Erdgeschichtliche Parallele

Australische Forscher "entdecken" geologischen Beweis für raschen Anstieg des Meeresspiegels um mehrere Meter



Es klingt paradox, doch ausgerechnet die Eiszunahme in den Gewässern rund um die Antarktis gilt Forschern als Hinweis auf eine stärkere Erwärmung. Die heutigen Verhältnisse erinnerten an die vor 14.000 Jahren, als eine beschleunigte Eisschmelze auf dem südlichen Kontinent mit einem Anstieg des Meeresspiegels von drei bis vier Metern binnen weniger Jahrhunderte einherging, berichteten australische Forscher in einer aktuellen Studie in "Nature Communications". Jene kurze erdgeschichtliche Phase, in der eine rasche Erwärmung auftrat, ist als "Heinrich-Ereignis" H1 bekannt. [1]

Den Berechnungen zufolge haben sich damals die Wasserschichten in den zirkumantarktischen Küstengewässern wenig durchmischt, wobei nicht die oberflächliche, sondern die darunter liegende Wasserschicht wärmer war. Oben hingegen kam es zu einem vermehrten Schmelzwassereintrag seitens der antarktischen Landmasse. Durch das viele Süßwasser wurde der Salzgehalt des Wassers herabgesetzt, was die Bildung von Meereis förderte. Da fand sozusagen der umgekehrte Effekt dessen statt, was man hierzulande im Winter beabsichtigt, wenn Salz auf gefrorene Straßen gestreut wird, um das Eis zum Tauen zu bringen. In der Antarktis wird der Gefrierpunkt heraufgesetzt, sobald Süßwasser in das Meerwasser eindringt.

Zur gleichen Zeit, wenn sich im Sommer die Strände an der deutschen Nord- und Ostseeküste mit sonnenhungrigen Urlaubern füllen, müssen sich die wenigen Menschen, die in den antarktischen Forschungsstationen überwintern, warm anziehen, sobald sie ihre gut beheizten Wohncontainer verlassen. Dann herrscht dort tiefster Winter, die Sonne lugt nicht einmal mehr über den Horizont, und die Temperaturen am Südpol sinken auf unter -60, -70 Grad Celsius. Das Meer gefriert.
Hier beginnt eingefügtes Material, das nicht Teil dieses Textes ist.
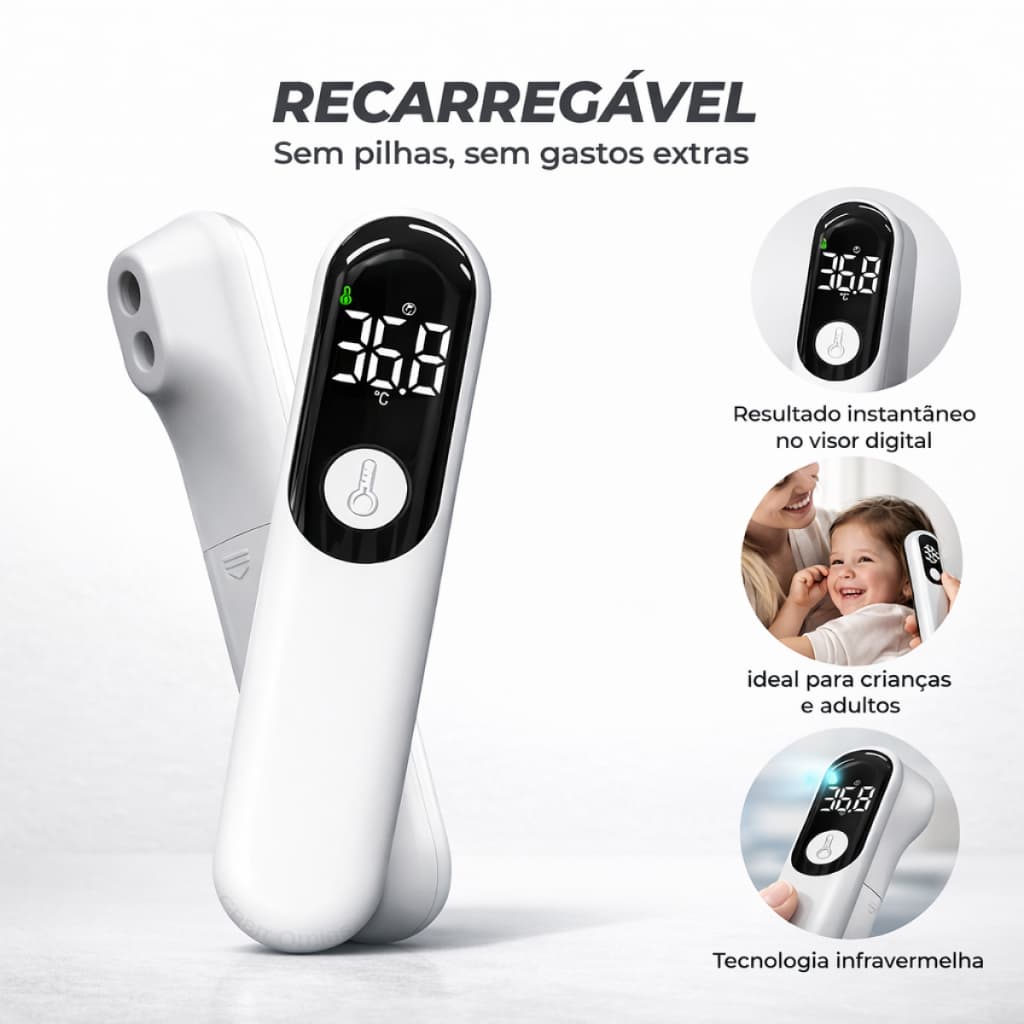 Termômetro Infravermelho Digital Sem Contato Recarregável USB Medição Rápida e Precisa Tela LCD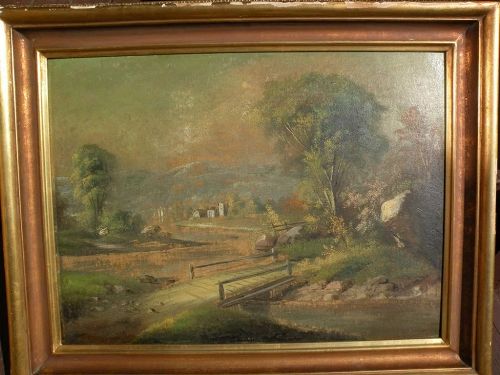 Hudson River style antique landscape painting circa 1890‏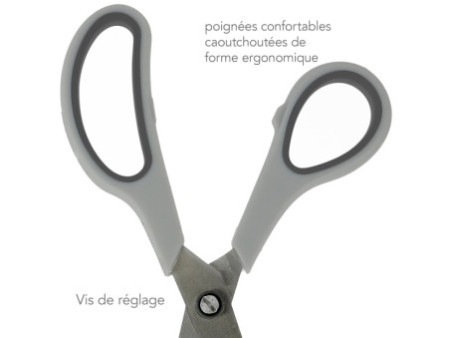 WESTCOTT Ciseaux Easy Grip, set de 3, gris clair/anthracite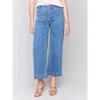 Charlie B Mid-rise Cropped Flare Patch Pocket Pant In Blue Jean In Blue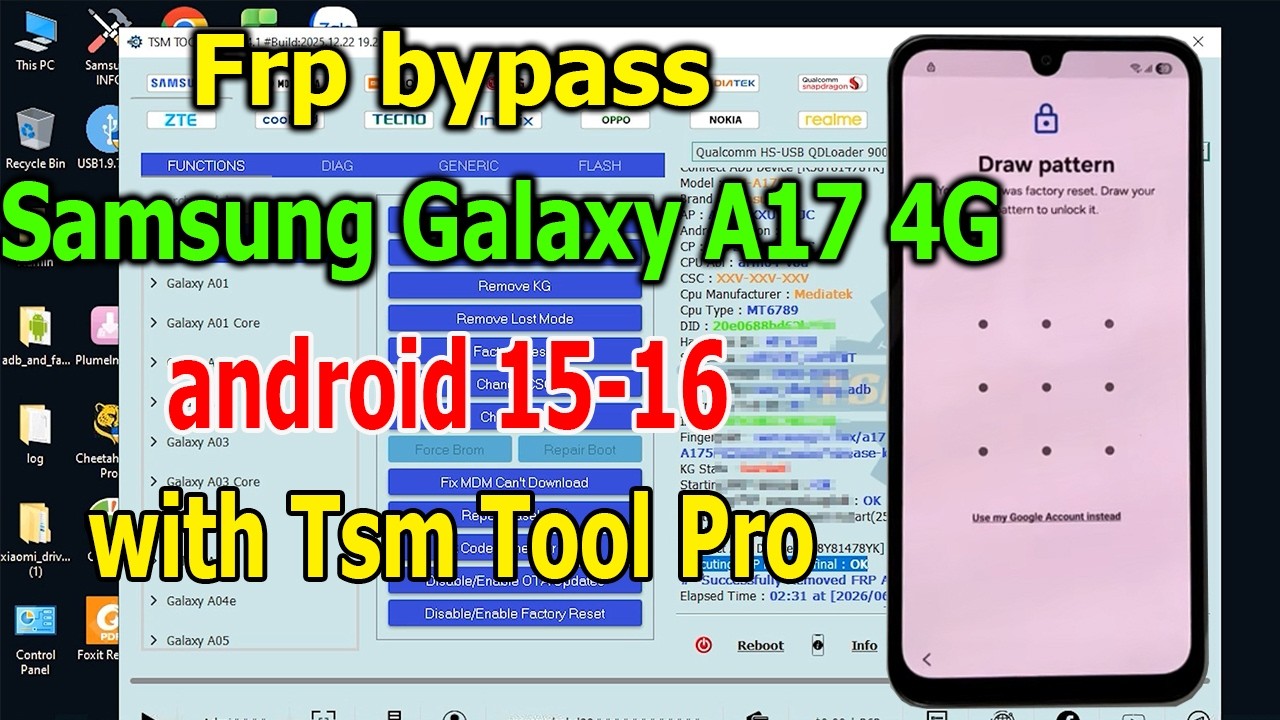 FRP Bypass Google Account Lock Samsung Galaxy A17 4G android 15-16 with Tsm Tool Pro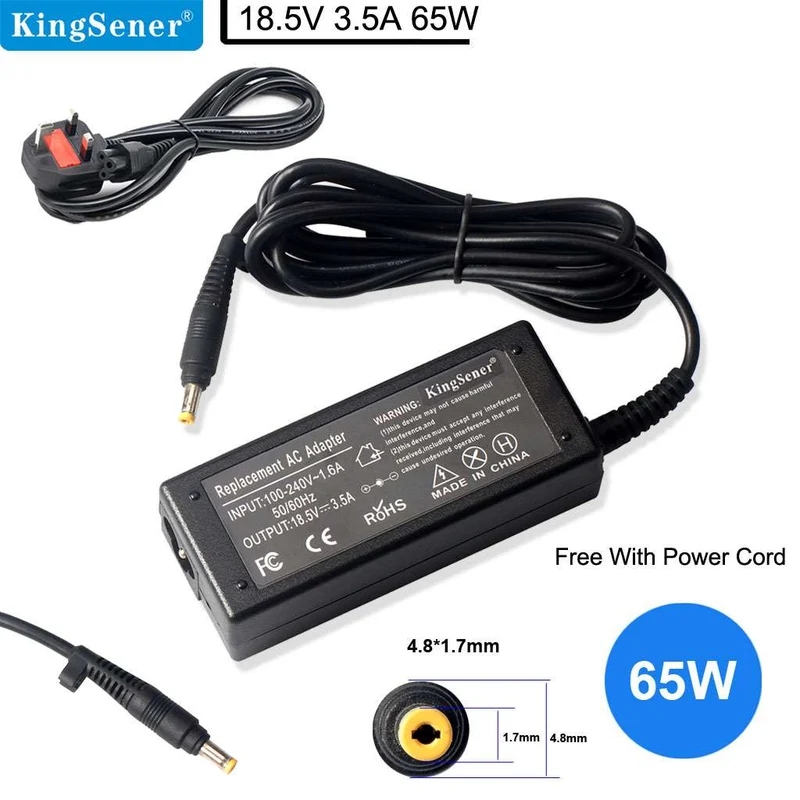 HP-D 65W AC Charger for HP Compaq 6720s 500 510 520 530 G3000 — 18.5V 3.5A 4.8×1.7mm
Dennoch deuten Forscher die Ausdehnung der Meereisfläche der Antarktis über die letzten Jahre als Hinweis auf die globale Erwärmung. Am 20. September 2014 hat diese Fläche erstmals seit Beginn der Satellitenmessungen die Ausdehnung von 20 Millionen Quadratkilometern und damit sogar die Größe der Fläche aus dem Rekordjahr 2013 übertroffen, meldet das National Snow and Ice Data Center der USA. [2] Nun haben die australischen Forscher in ihrer aktuellen Studie festgestellt, daß vor 14.000 Jahren vermehrt Schmelzwasser ins Meer geflossen war. Das Wasser hat sich wenig durchmischt, das heißt, es blieb relativ geschichtet. Das bedeutete, daß die Gletscher von unterwärts durch wärmere Meeresströmungen angelöst wurden - ähnlich wie es heute bei den Gletschern auf Pine Island und Totten beobachtet wird -, was den Anstieg des Meeresspiegels förderte.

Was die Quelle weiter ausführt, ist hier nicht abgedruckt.